• Extracted material:
>>>
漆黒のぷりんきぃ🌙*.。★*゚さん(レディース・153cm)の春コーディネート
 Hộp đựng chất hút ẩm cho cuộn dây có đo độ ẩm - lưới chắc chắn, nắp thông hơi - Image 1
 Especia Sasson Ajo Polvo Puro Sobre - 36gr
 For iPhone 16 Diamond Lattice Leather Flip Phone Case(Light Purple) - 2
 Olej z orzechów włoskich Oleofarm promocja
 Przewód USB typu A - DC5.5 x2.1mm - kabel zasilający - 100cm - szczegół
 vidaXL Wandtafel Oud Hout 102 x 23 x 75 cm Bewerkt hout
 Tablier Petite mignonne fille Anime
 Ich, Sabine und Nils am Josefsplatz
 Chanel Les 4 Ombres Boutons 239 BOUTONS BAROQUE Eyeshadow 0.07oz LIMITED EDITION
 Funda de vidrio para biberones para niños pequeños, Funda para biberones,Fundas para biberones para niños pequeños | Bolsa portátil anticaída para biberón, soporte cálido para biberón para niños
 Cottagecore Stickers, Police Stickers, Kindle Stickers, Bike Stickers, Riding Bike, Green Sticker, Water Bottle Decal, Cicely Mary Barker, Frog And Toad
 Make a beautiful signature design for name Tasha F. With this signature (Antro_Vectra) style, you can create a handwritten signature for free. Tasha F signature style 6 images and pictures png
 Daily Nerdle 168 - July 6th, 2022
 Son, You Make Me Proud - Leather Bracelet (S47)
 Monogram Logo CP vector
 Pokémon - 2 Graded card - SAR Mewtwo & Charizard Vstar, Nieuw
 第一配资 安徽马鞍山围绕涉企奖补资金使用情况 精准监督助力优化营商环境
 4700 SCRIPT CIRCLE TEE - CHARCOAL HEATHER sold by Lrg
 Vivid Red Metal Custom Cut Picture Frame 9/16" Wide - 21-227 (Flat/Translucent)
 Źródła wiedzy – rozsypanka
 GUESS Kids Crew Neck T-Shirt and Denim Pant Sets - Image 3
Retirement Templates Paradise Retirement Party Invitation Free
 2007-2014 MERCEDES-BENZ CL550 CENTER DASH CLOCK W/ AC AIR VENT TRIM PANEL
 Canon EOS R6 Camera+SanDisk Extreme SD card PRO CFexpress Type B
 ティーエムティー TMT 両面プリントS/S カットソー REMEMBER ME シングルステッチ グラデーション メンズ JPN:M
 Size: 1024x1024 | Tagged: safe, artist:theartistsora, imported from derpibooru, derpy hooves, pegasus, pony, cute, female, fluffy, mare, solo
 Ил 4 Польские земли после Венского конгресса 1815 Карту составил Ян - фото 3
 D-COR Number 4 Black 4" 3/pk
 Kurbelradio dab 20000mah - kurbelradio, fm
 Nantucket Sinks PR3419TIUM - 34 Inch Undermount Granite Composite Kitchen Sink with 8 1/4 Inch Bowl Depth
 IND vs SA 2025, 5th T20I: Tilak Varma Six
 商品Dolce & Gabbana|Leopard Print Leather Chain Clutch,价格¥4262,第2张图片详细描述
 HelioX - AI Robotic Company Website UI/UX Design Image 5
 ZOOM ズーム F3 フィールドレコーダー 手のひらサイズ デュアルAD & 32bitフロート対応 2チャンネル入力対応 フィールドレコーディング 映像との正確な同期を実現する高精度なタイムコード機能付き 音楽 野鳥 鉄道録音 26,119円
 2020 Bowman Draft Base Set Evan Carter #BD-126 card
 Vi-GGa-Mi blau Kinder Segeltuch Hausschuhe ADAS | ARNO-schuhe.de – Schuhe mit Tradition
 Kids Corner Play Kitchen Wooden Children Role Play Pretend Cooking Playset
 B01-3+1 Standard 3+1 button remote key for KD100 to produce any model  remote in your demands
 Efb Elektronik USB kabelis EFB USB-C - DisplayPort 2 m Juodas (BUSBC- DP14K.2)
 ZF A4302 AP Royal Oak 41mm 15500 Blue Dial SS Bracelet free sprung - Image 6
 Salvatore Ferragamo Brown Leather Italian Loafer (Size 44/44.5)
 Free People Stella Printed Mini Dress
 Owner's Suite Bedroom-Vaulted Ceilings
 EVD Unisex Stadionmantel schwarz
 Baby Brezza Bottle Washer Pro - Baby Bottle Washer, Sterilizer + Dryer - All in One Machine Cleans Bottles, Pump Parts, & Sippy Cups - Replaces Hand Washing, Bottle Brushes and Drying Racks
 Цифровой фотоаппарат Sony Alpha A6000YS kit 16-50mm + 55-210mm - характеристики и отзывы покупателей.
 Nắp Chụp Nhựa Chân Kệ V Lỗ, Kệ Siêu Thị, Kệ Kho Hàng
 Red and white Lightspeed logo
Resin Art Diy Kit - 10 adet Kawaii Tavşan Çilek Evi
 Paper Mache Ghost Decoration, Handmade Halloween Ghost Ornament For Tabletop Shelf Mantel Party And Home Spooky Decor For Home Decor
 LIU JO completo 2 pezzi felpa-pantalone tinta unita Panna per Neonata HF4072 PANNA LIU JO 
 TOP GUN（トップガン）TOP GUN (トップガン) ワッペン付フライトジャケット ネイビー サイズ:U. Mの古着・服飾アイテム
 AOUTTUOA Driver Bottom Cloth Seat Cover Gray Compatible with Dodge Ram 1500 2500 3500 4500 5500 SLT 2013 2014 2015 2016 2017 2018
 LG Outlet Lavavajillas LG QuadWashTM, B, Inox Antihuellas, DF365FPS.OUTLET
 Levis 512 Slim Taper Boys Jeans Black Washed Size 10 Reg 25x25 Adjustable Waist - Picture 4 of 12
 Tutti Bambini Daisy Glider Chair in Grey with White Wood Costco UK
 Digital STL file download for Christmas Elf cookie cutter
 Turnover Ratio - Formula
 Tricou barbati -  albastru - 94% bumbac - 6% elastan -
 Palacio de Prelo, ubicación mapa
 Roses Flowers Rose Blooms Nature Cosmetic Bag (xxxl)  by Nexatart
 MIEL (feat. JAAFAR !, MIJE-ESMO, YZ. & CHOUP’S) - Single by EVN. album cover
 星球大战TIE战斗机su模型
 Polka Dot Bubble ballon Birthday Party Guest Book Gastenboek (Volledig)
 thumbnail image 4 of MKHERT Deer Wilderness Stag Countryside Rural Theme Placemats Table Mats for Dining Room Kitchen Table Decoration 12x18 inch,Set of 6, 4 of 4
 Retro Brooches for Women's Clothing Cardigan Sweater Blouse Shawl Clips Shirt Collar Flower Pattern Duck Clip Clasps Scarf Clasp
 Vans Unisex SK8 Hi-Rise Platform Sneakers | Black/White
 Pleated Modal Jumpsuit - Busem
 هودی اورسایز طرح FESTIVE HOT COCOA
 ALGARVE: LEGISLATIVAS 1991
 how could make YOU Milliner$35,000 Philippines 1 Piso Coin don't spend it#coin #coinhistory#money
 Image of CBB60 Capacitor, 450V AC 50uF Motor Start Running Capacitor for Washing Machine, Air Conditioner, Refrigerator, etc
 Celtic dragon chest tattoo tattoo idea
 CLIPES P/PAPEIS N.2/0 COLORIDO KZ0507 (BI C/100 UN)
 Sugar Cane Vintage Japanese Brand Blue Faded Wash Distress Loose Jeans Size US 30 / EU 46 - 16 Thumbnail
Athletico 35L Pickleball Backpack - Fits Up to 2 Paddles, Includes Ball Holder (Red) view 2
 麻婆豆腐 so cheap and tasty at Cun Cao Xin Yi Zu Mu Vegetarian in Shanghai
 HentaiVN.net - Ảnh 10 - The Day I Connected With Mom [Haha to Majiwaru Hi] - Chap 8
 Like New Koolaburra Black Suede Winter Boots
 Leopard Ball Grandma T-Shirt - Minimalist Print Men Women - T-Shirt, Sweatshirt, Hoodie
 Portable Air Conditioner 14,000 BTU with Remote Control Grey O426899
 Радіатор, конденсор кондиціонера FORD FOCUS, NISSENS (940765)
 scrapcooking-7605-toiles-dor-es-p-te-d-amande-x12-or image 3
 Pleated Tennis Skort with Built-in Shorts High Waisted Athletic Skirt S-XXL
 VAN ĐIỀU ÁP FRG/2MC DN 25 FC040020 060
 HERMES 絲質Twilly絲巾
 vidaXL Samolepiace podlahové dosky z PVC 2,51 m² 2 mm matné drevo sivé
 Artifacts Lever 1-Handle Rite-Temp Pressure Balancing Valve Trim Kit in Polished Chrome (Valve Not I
<<<
• Aim of the exercise:
Would you retype exactly the lines above, from the line with "how could make" to the line with "Celtic dragon chest tattoo tattoo idea", with both end lines kept and nothing more?

• Answer box:
 how could make YOU Milliner$35,000 Philippines 1 Piso Coin don't spend it#coin #coinhistory#money
 Image of CBB60 Capacitor, 450V AC 50uF Motor Start Running Capacitor for Washing Machine, Air Conditioner, Refrigerator, etc
 Celtic dragon chest tattoo tattoo idea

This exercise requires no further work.